Opublikowane kilka dni temu i opisane obok statystyki mówiące o spadku przestępczości w Chicago niewątpliwie cieszą większość z nas. Wyjątkiem są osoby zamieszkujące okolice West Lake Street będące częścią kodu pocztowego 60612. To najgroźniejsza okolica nie tylko w Chicago, ale w całym kraju.
Firma konsultingowa o nazwie NeighborhoodScout, zajmująca się oceną ryzyka inwestycji w poszczególnych rejonach kraju opublikowała listę 25 najbardziej niebezpiecznych rejonów USA. Dane oparto na analizie danych z 17,000 departamentów policyjnych.
Pierwsze miejsce przypadło Chicago, dokładnie West Lake Street leżącej w granicach kodu pocztowego 60612. To rejon znajdujący się na północ od autostrady 290, graniczący z Ukrainian Village i East Garfield Park. Osoby mieszkające w tej okolicy mają 25% szans, że stana się ofiarą przestępstwa.
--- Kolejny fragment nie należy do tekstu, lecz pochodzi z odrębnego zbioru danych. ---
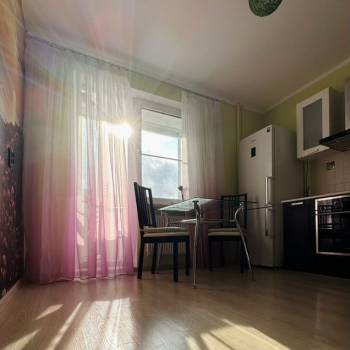 Продается 1-комнатная квартира, 37,4 м²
Nieco niższe, choć też wyróżnione w rankingu szanse mają mieszkańcy kilku dzielnic w Cleveland, Las Vegas oraz Atlancie.
Autorzy listy przypominają, by oceniając poziom bezpieczeństwa miast nie sugerować się danymi poszczególnych dzielnic. Chicago znalazło się na przykład dopiero na 48 miejscu niebezpiecznych miast, mimo, że jedna z jego dzielnic zajęła w innym rankingu pierwszą pozycję. Warto też pamiętać, że uznawane za niebezpieczne miasta mogą mieć całkiem bezpieczne dzielnice.